In python, the sub function is used in replacing text in a string.
It takes up 3 arguements:
- The text to replace with
- The text to replace in
- The maximum number of substitutions to make

sub returns a string consisting of the given text with the substitution(s) made

In [125]:
print (re.sub(r"(.*)\1", r"\1", "HeyHey"))

Hey


In [126]:
#example 1
mystring = 'There are 35 boxes'
pattern = re.compile(r'/([0-9]+)/')
newstring = pattern.sub(r"/<\1>/", mystring)

In [127]:
newstr2 = re.sub(r'([0-9]+)', r'<\1>', mystring)

In [128]:
newstr2

'There are <35> boxes'

In [129]:
mystring2 = 'the Xer they were, the Xer they will be'
newstring = pattern.sub(r'the (.*)er they were, the \1er they will be', mystring2)

In [130]:
newstring

'the Xer they were, the Xer they will be'

In [131]:
user1 = "I'm depressed"
pattern = re.compile(r"I'm (depressed|sad)")
pattern.sub(r"I AM SORRY TO HEAR YOU ARE \1", user1)
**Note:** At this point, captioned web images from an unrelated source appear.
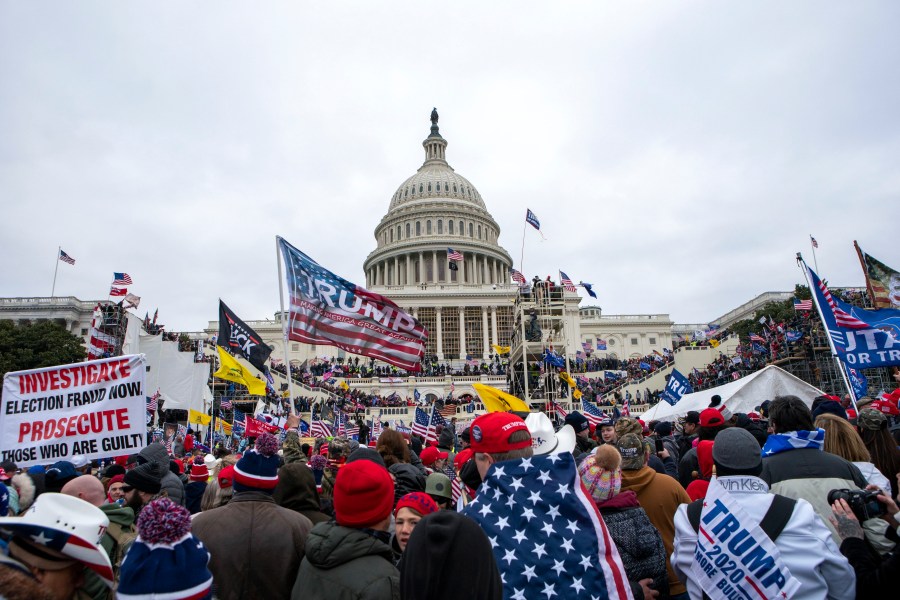 In this Jan. 6, 2021, file photo insurrections loyal to President Donald Trump rally at the U.S. Capitol in Washington. A federal judge held the director of the District of Columbia’s Department of Corrections and the warden of the city’s jail in contempt of court on Wednesday, Oct. 13, and asked the Justice Department to investigate whether the civil rights of inmates are being abused. U.S. District Judge Royce Lamberth had hauled the jail officials into court as part of the criminal case into Christopher Worrell, a member of the Proud Boys who has been charged in the Jan. 6 attack at the U.S. Capitol. (AP Photo/Jose Luis Magana, File)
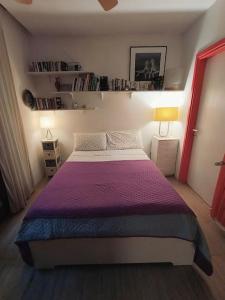 a bedroom with a large bed with a purple blanket at Dependance in private garden ID29923 in Rome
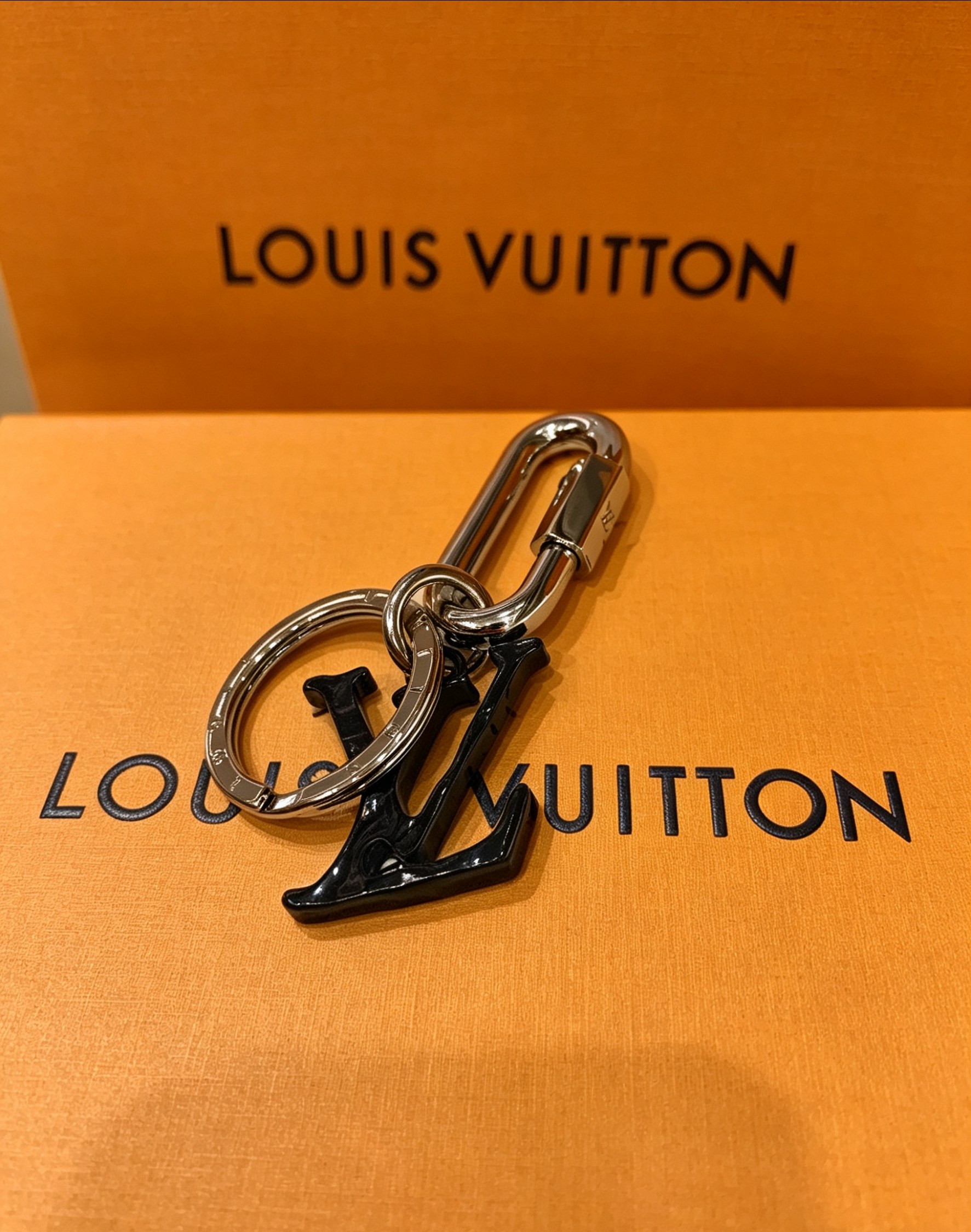 Louis Vuitton 本季腰带上的醒目搭扣化身为 1V Shape 包饰与钥匙扣 是一款标新立异的品牌标识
'I AM SORRY TO HEAR YOU ARE depressed'

In [132]:
user2 = "my name is cate"
pattern = re.compile(r"my name is (.*)")
pattern.sub(r"I AM SORRY TO HEAR YOU ARE \1", user2)

'I AM SORRY TO HEAR YOU ARE cate'

In [134]:
newstring = pattern.sub('s/.*I am (.*).*/Hi  $1/', user2)